Conference at the University Bremen, 26th – 28th September 2024
Inspired by the low German phrase “Buten un binnen – Wagen un Winnen” (“out and in, dare and win”), which was chiselled onto the front entrance of the city of Bremen’s guildhall in 1899, our conference emerged out of a region that has long been deeply involved in maritime trade. Bremen and Bremerhaven both conceptualize their terrestrial existence from the “outside in” – cities built through and mediated by an almost 1000 year-long history of seafaring and maritime trade.
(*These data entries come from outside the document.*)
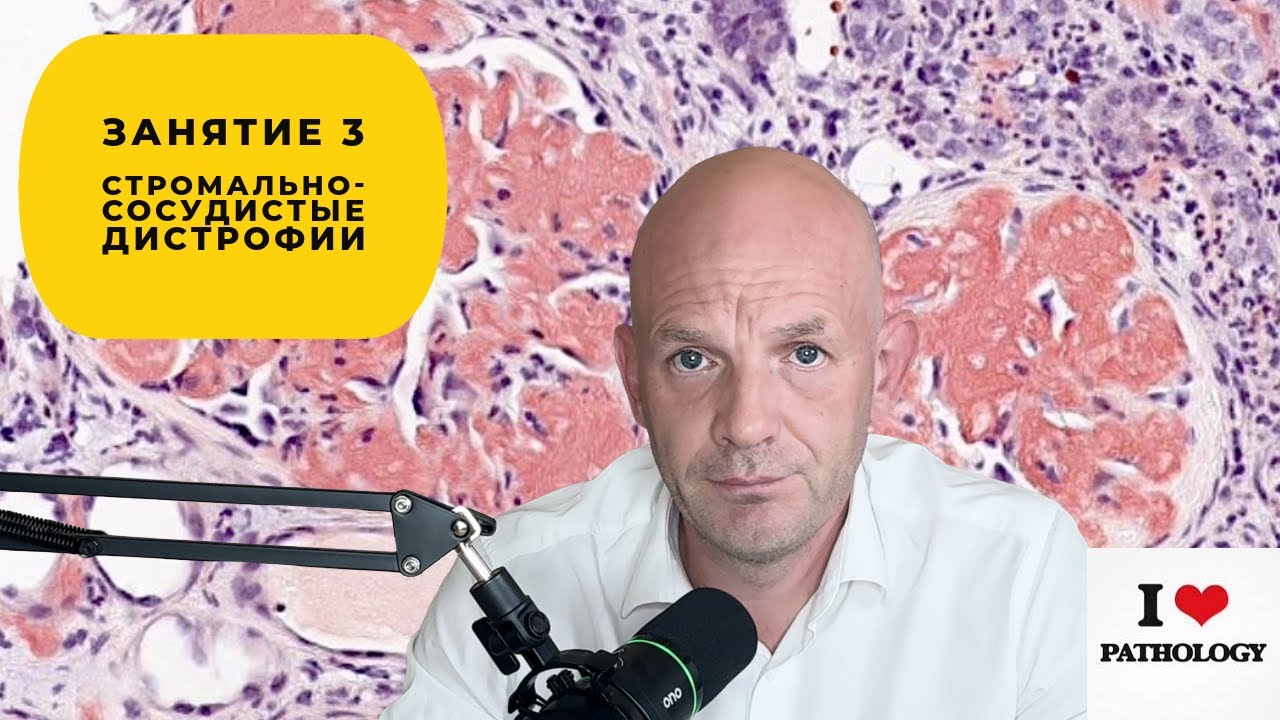 Стромально-сосудистые (внеклеточные) дистрофии - краткий обзор занятия №3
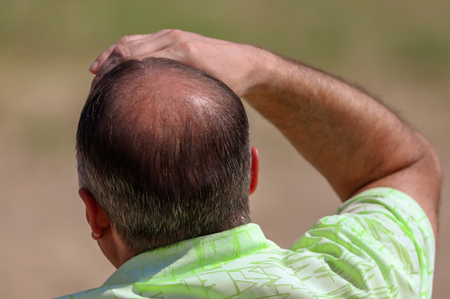 Bald head on a man's head with testosterone.の写真素材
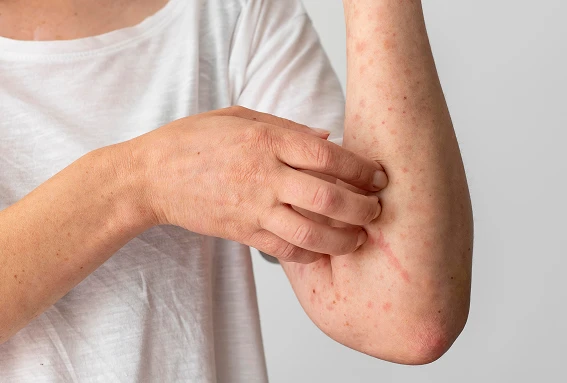 Symptoms  of <em>Allergies</em>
The phrase “out and in” encapsulates how these cities have long seen themselves as constituted by their oceanic horizons and by the risks and gains, dangers and gifts that this vantage point brings. Similarly, we have witnessed a wave of humanities and social sciences researchers who theorize the world’s oceans not as the vast expanses that begin where inhabited territories end, but as mediators and archives of these territories and their inhabitants. The goal of our conference was to share our knowledge and networks as we think through oceanic materialities, ecologies, world histories, societies, economies and infrastructural projects. How does thinking from the seas and the oceans push us conceptually, theoretically, empirically, methodologically? What does thinking from the water’s edge, from aboard vessels, and from the materiality, movement, and depth of the ocean itself mean for us as we think about current and future research trends? The point about moving from terracentric concepts to the seas and oceans is that it ought to be transformative – more than just a shift of routinized, time-honoured concepts and methods to new sites and locations. Instead, the oceanic turn promises to be a theory machine, as Stefan Helmreich put it – an object in the world that stimulates novel theoretical as well as methodological and empirical formulations.